THE DATA below:

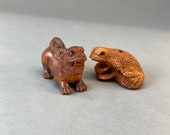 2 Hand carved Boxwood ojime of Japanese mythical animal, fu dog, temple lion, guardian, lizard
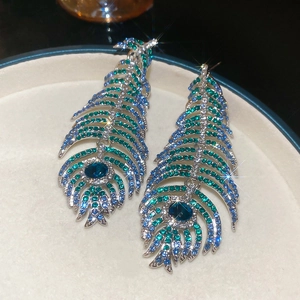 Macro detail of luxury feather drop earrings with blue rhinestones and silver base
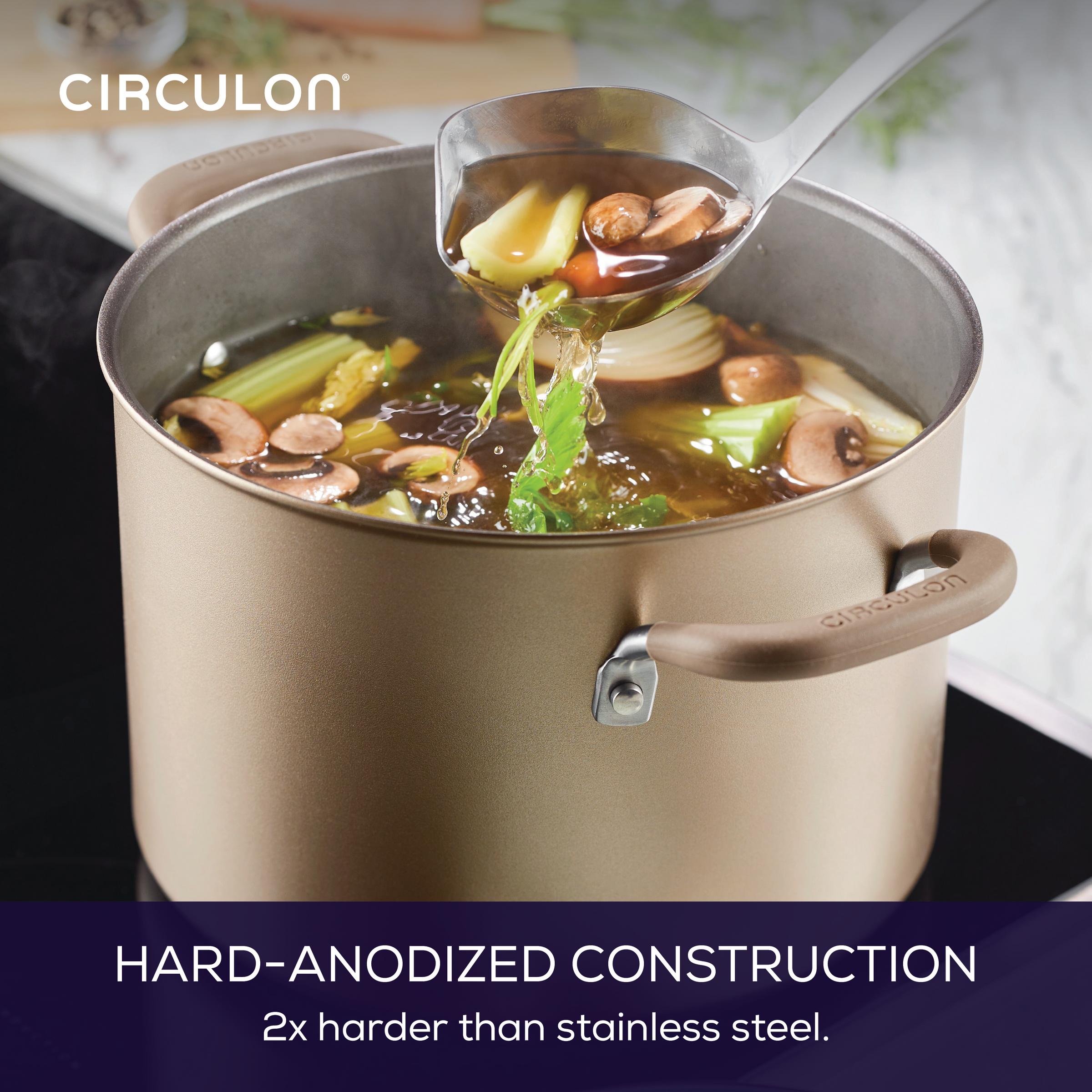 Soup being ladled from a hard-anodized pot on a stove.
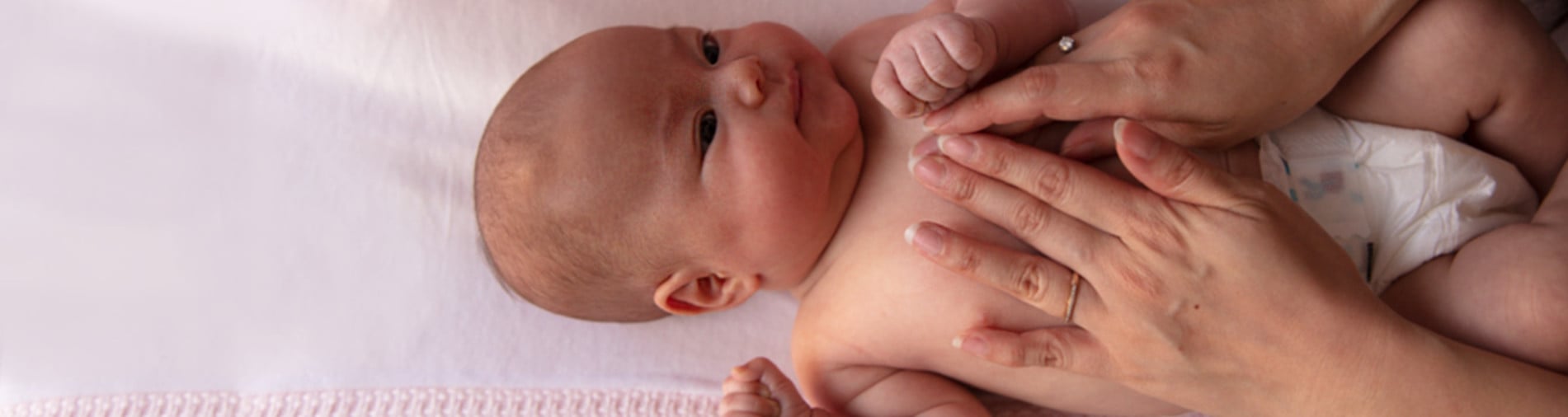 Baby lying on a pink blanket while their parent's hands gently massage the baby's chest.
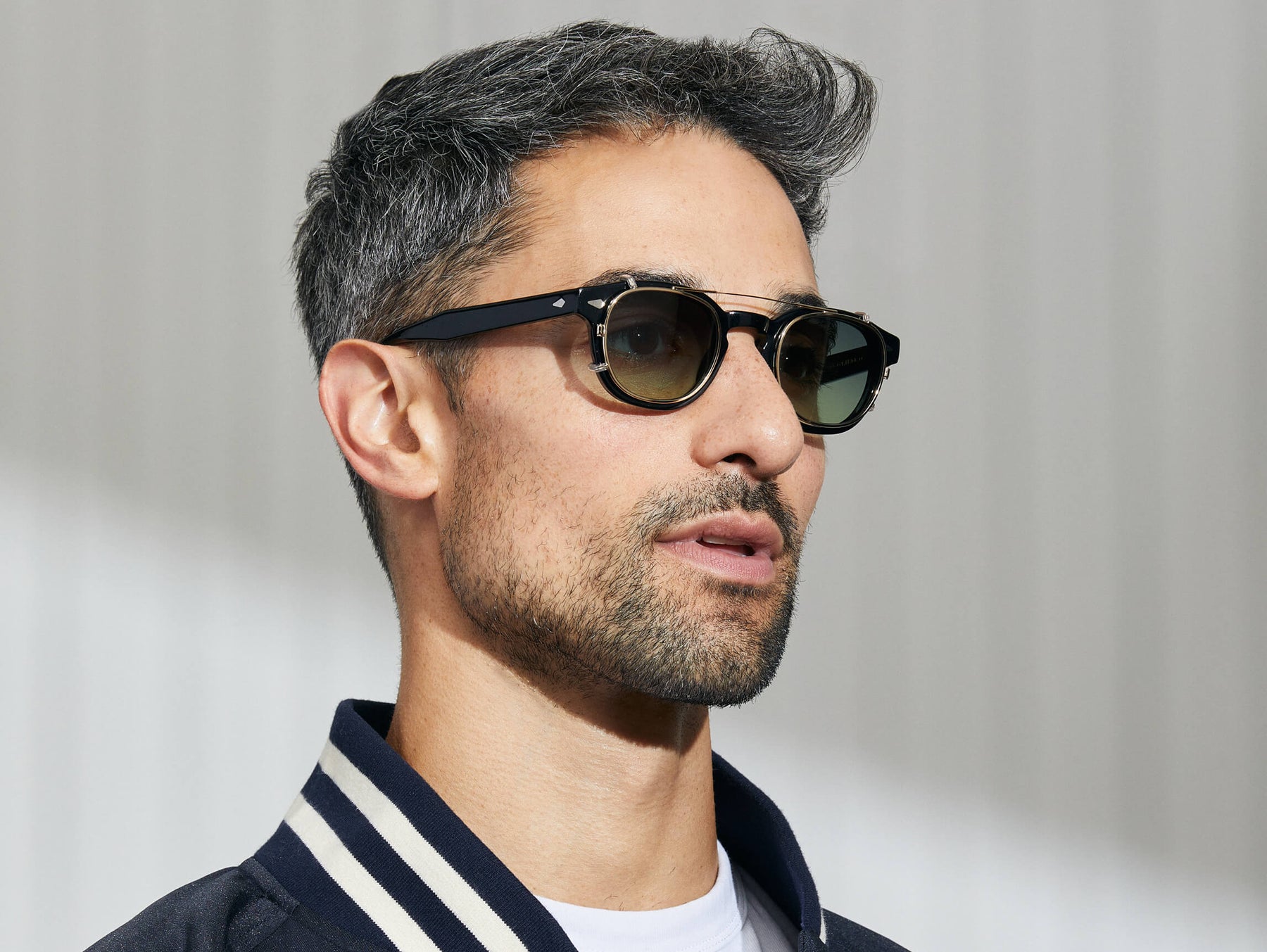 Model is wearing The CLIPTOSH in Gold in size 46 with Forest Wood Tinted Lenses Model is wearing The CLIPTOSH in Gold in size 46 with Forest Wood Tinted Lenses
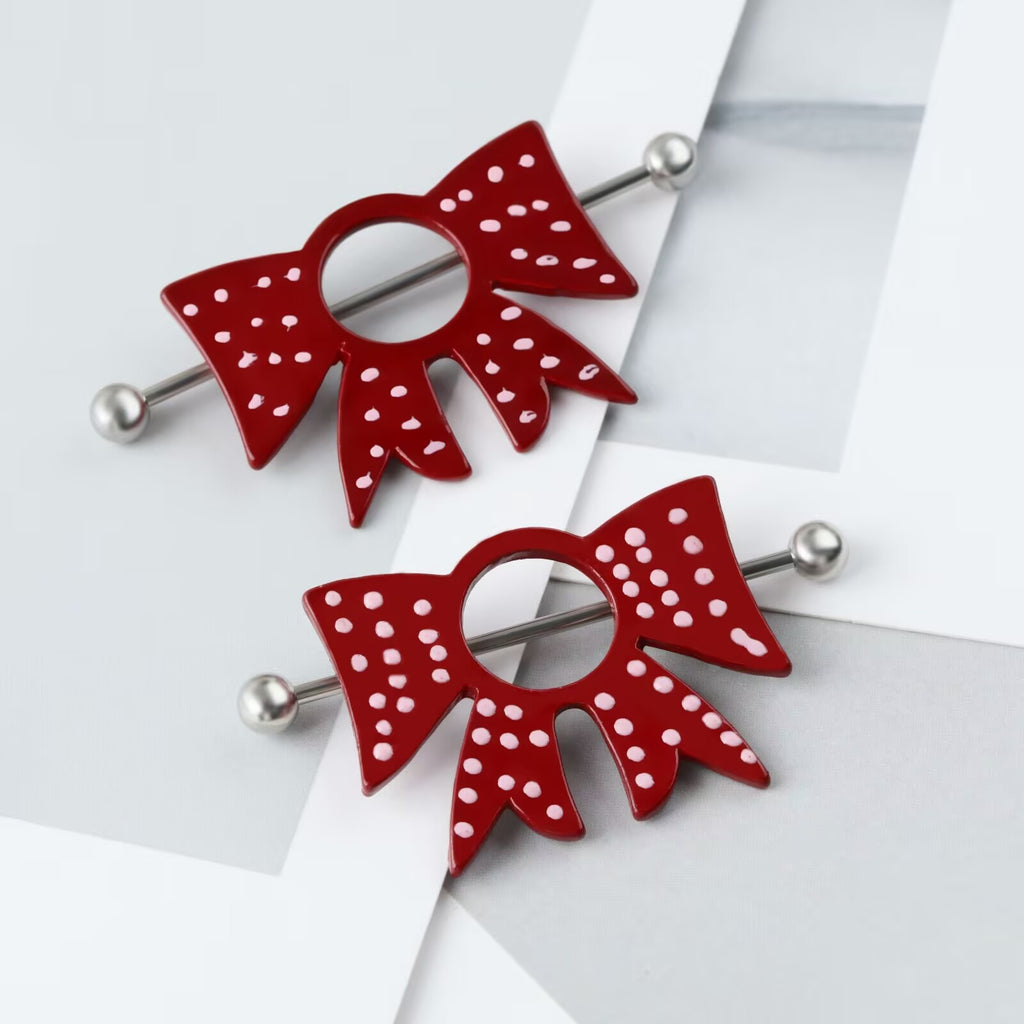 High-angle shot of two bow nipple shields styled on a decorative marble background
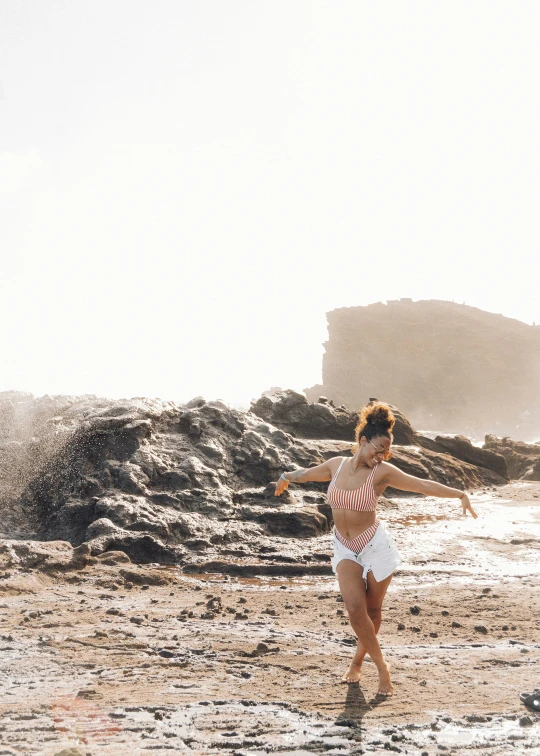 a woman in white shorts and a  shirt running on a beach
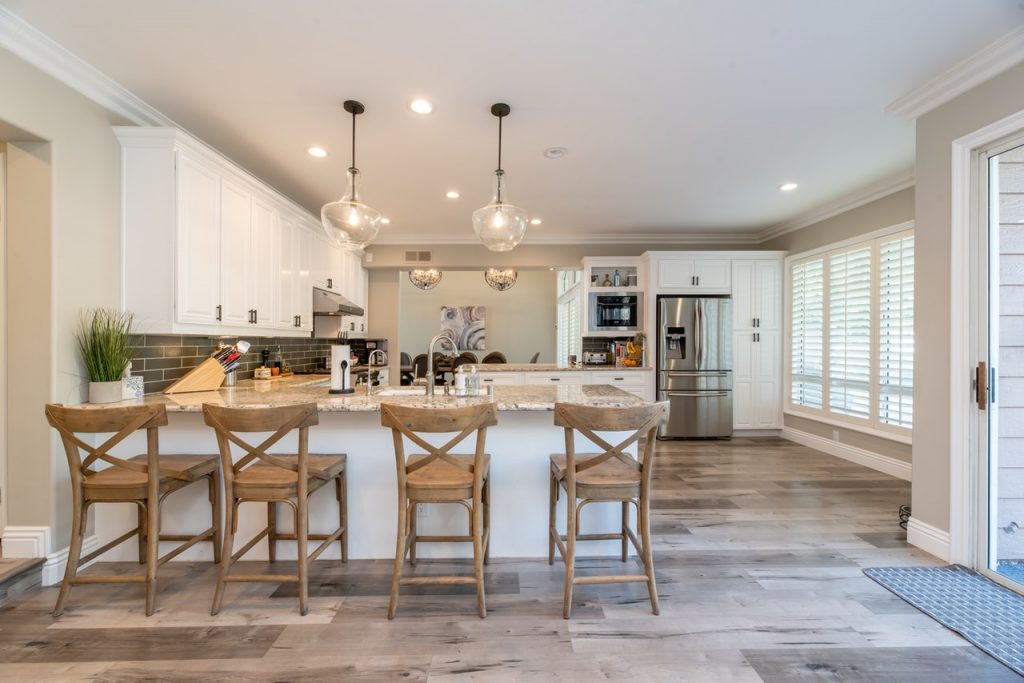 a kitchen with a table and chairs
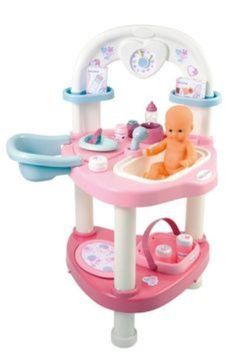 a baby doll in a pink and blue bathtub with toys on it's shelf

End of THE DATA.

AIM OF THE EXERCISE. Where pictures appear, drop them, and reproduce exactly only the lines running from the beginning of the data to the line that contains "Tinted Lenses Model", inclusive.

SOLUTION BELOW.
 2 Hand carved Boxwood ojime of Japanese mythical animal, fu dog, temple lion, guardian, lizard
 Macro detail of luxury feather drop earrings with blue rhinestones and silver base
 Soup being ladled from a hard-anodized pot on a stove.
 Baby lying on a pink blanket while their parent's hands gently massage the baby's chest.
 Model is wearing The CLIPTOSH in Gold in size 46 with Forest Wood Tinted Lenses Model is wearing The CLIPTOSH in Gold in size 46 with Forest Wood Tinted Lenses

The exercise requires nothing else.